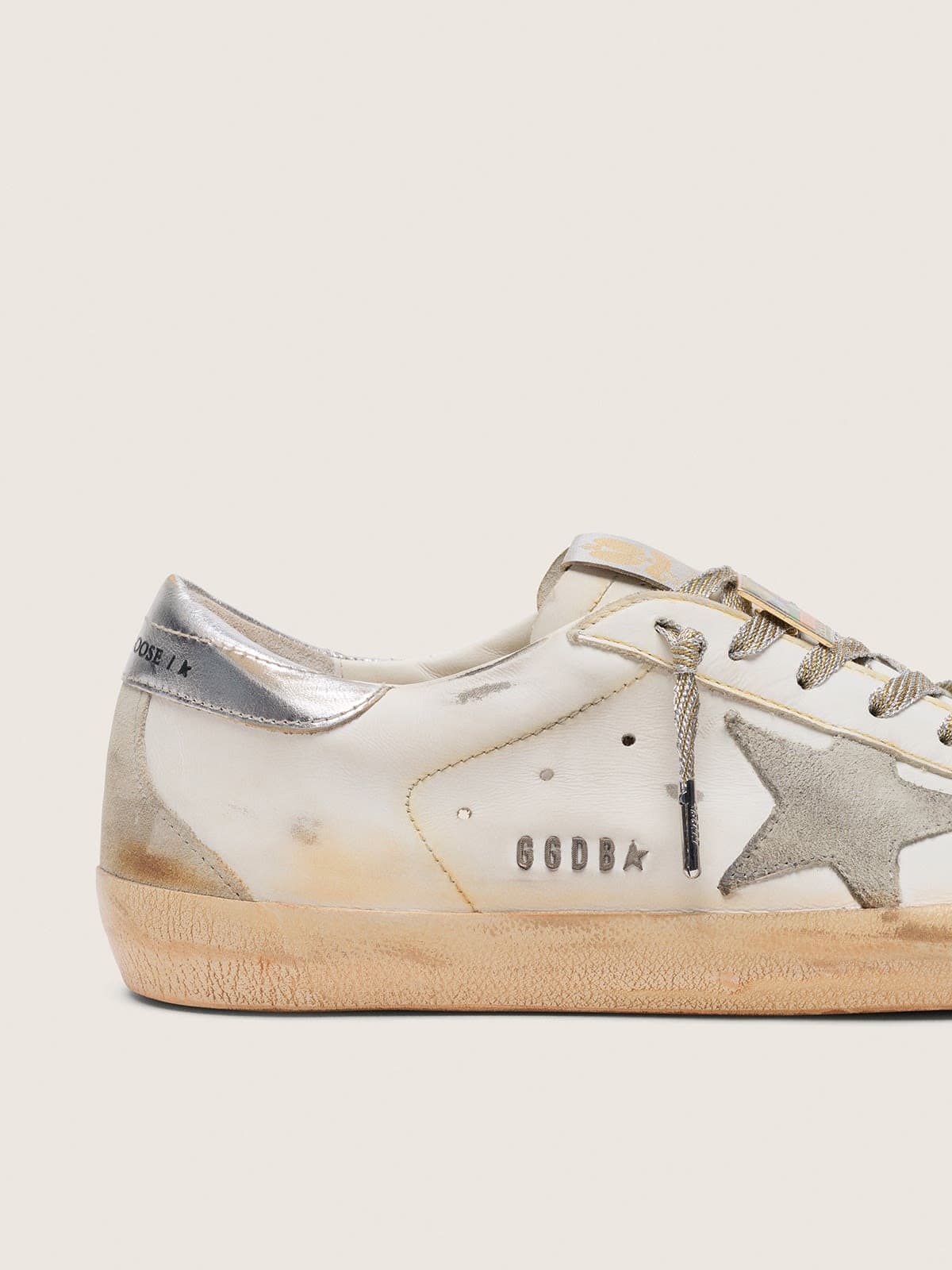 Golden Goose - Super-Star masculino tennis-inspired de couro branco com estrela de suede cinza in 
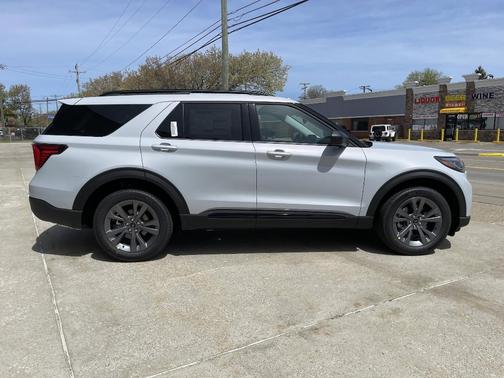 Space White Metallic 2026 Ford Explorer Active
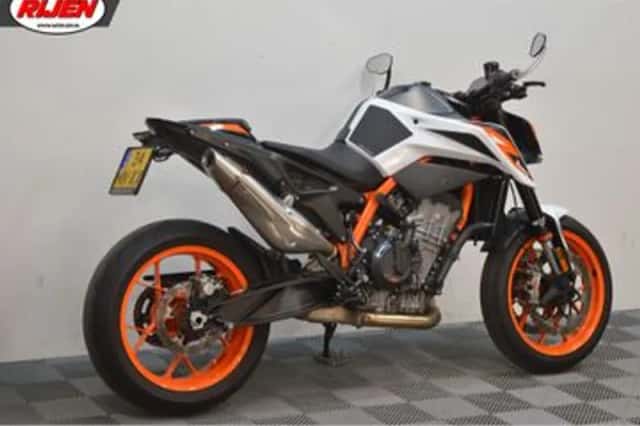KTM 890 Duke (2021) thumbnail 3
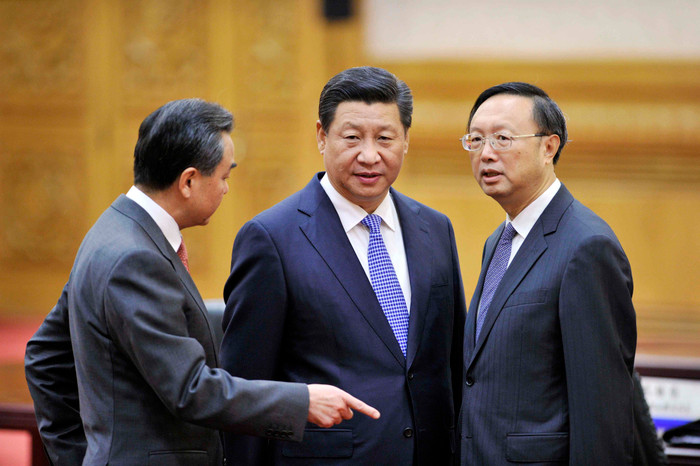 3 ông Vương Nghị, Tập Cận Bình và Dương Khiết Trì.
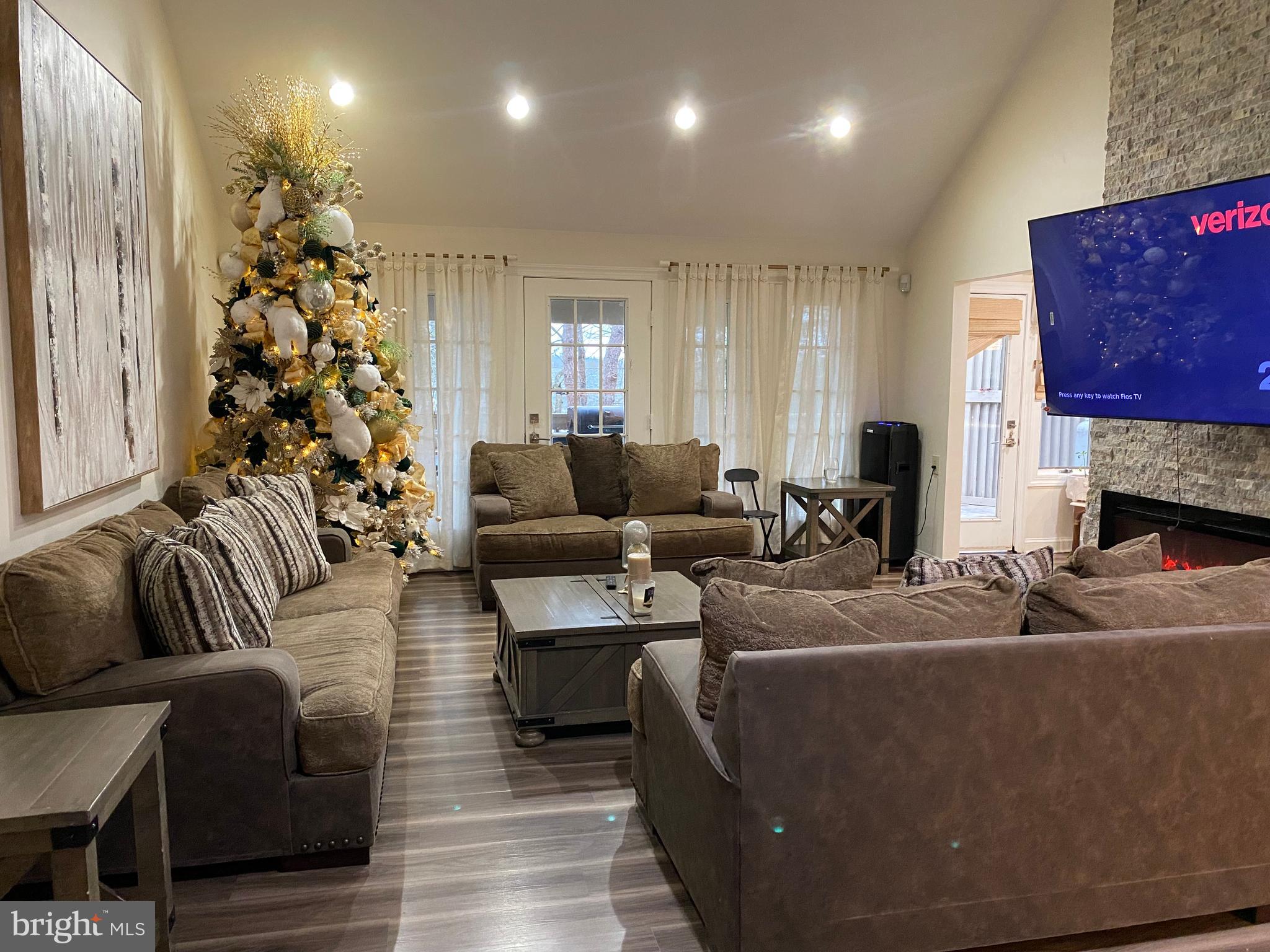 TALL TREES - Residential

_ _ _ _ _ _ _

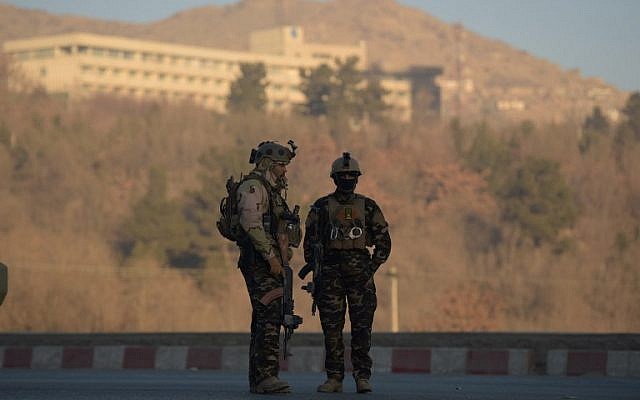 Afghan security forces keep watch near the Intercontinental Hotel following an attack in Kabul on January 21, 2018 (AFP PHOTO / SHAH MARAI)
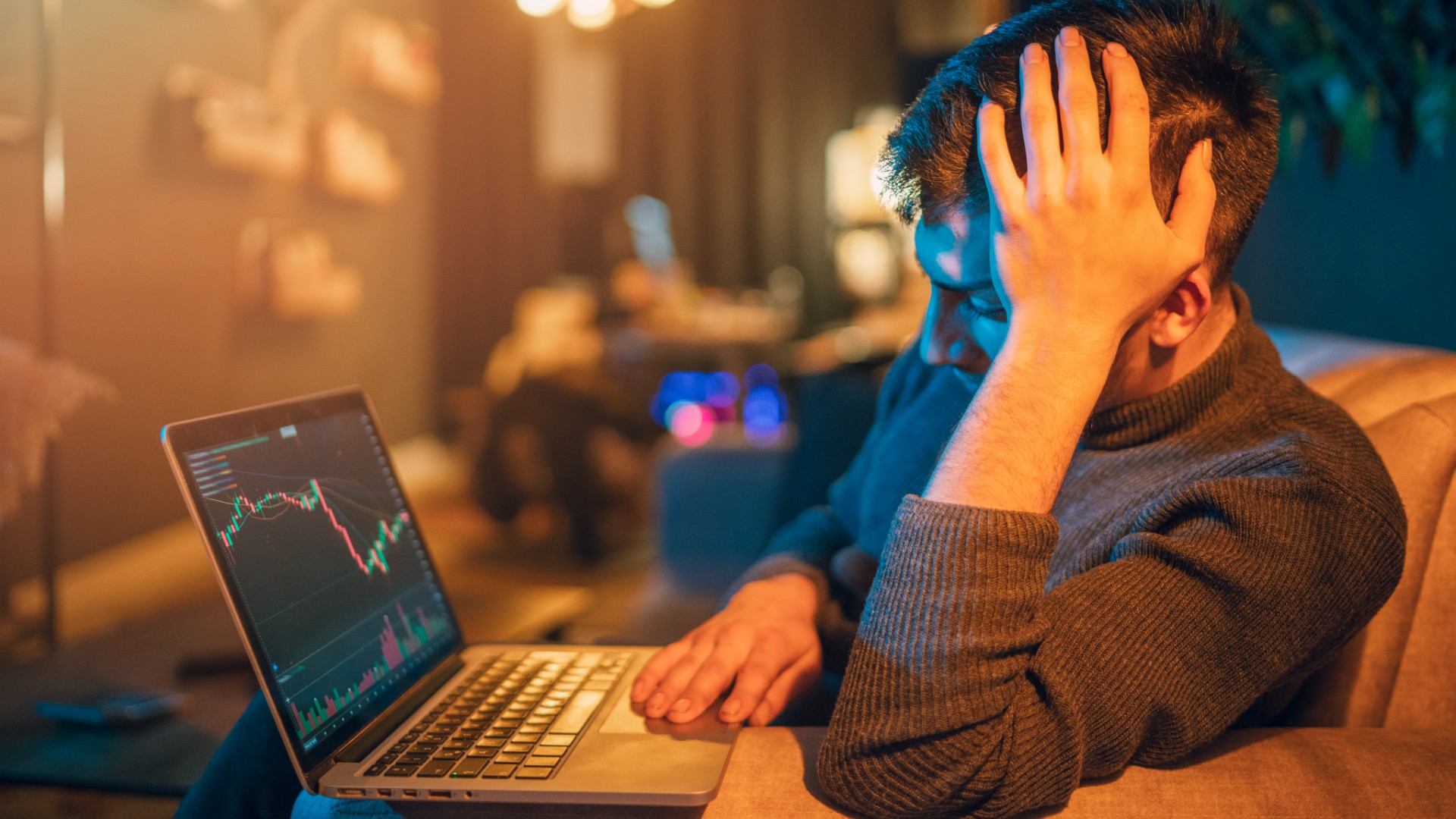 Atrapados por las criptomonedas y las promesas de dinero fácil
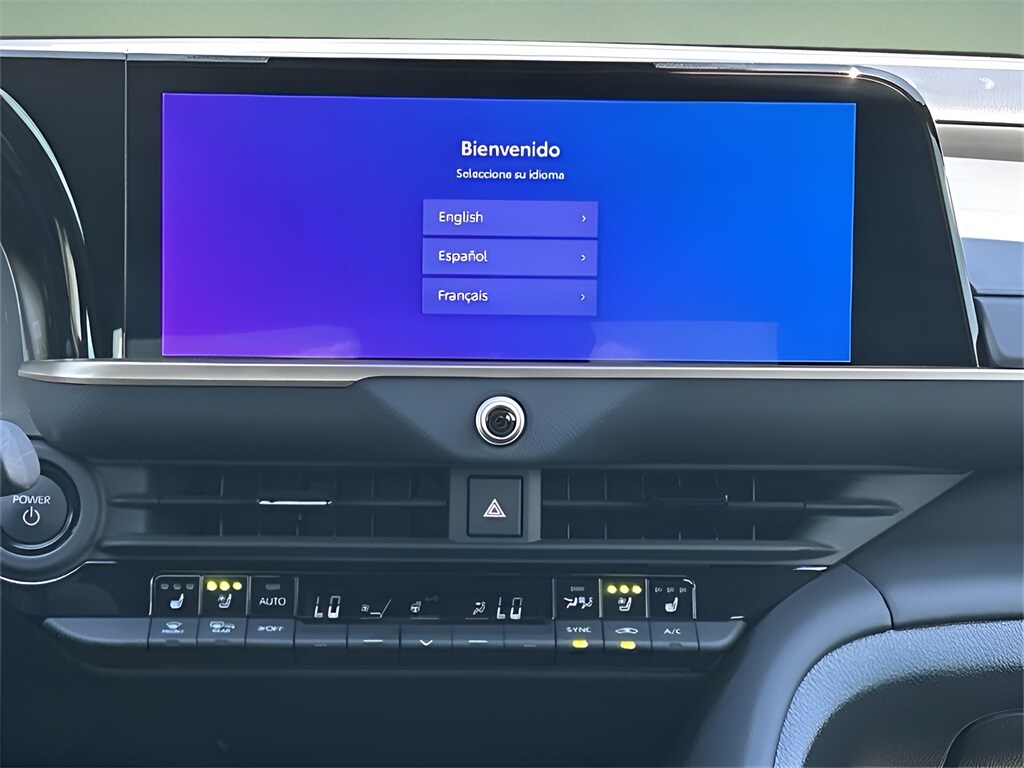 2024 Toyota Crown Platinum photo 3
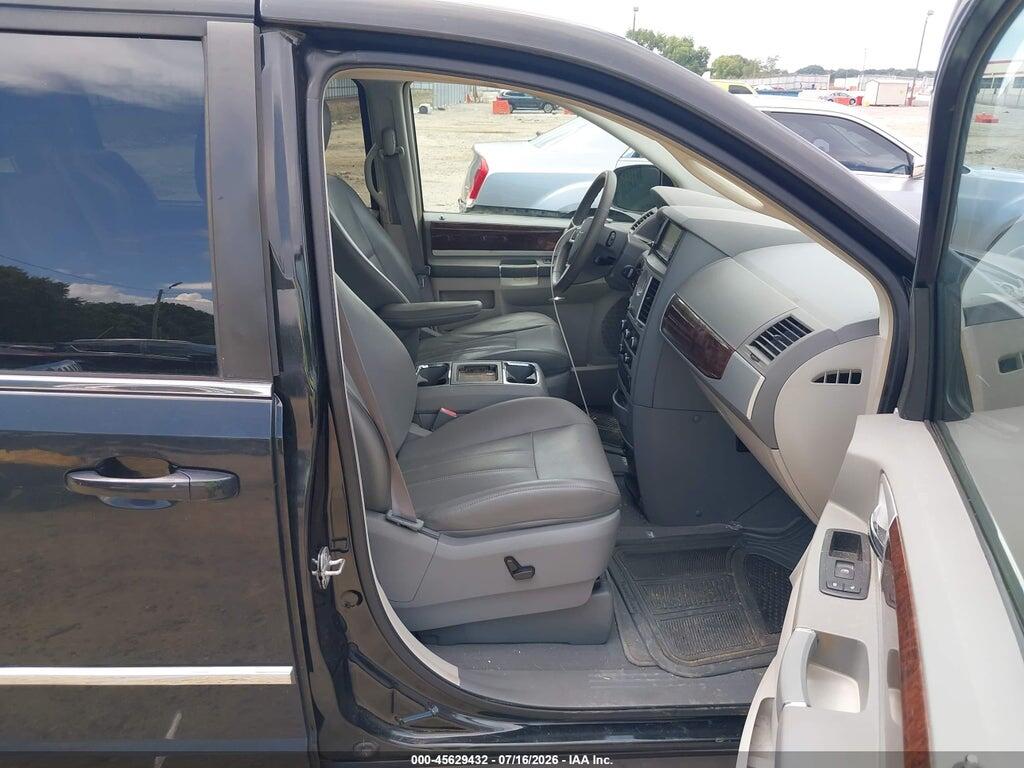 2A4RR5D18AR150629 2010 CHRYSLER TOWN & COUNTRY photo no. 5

_ _ _ _ _ _ _

Prompt ▸
The answer must be the part of the records that opens with the line containing "Golden Goose - Super-Star" and closes with the line containing "TALL TREES - Residential", reproduced exactly, with no pictures.

Answer space ▸
 Golden Goose - Super-Star masculino tennis-inspired de couro branco com estrela de suede cinza in 
 Space White Metallic 2026 Ford Explorer Active
KTM 890 Duke (2021) thumbnail 3
 3 ông Vương Nghị, Tập Cận Bình và Dương Khiết Trì.
 TALL TREES - Residential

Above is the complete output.